Future-ready enterprise networks should be able to expand on-demand to enable rapid growth of IT services and applications. The traffic patterns and user behavior are changing very fast. Any new trigger can bring a drastic change in the existing traffic patterns and user behavior. To address these needs, the enterprise network must be able to scale efficiently to accommodate capacity needs.

Scalability is the ability of the network to handle more traffic and applies to all domains of the network from the LAN, WAN, IoT, data center, and so on. A scalable network means that you would be able to augment the capacity of the network as the load increases without having to make any changes to the fundamental design of the network.

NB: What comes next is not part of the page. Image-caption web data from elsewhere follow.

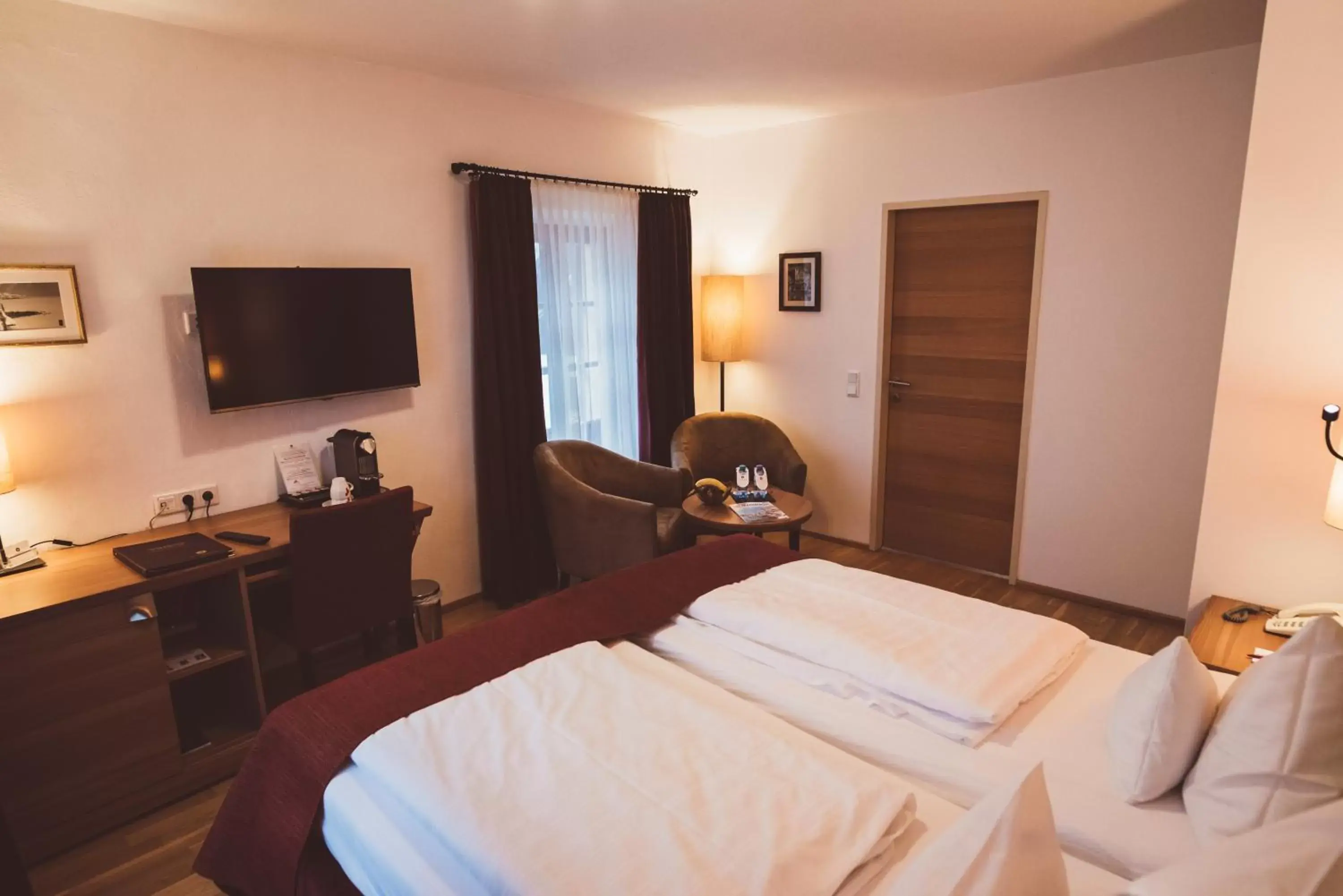 Photo of the whole room, Bed in Heritage Hotel Hallstatt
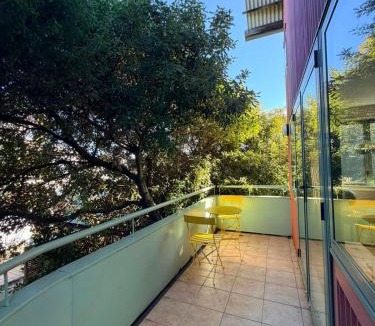 Linwood Apartment | 15 Minutes Walk to Stadium - 2 Car parks 2 Bedroom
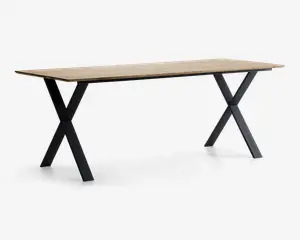 Rektangulært bord med en lys træbordplade og sorte metalben i X-form. Bordpladen har en glat, naturlig overflade med let afrundede kanter. De solide metalben giver et moderne, industrielt udtryk og er placeret for enderne for stabilitet.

Scalability could be horizontal or vertical. Vertical scaling means the ability to expand the capacity of the network by augmenting the capacity within the system. Horizontal scaling is the ability to augment the capacity by adding more of the already existing infrastructure and split the load between them, by making them logically look like one entity.

Note that what may be considered horizontal or vertical scalability depends on the user's perspective. For example, adding more servers behind a load balancer in a DC to augment capacity would be considered horizontal scaling with respect to compute scale. However, the same compute capacity addition within the DC would be considered vertical scaling from a DC scaling perspective, and adding another DC and load balancing between the two data centers would be considered horizontal scaling. In general, horizontal scaling takes more planning and effort than vertical scaling.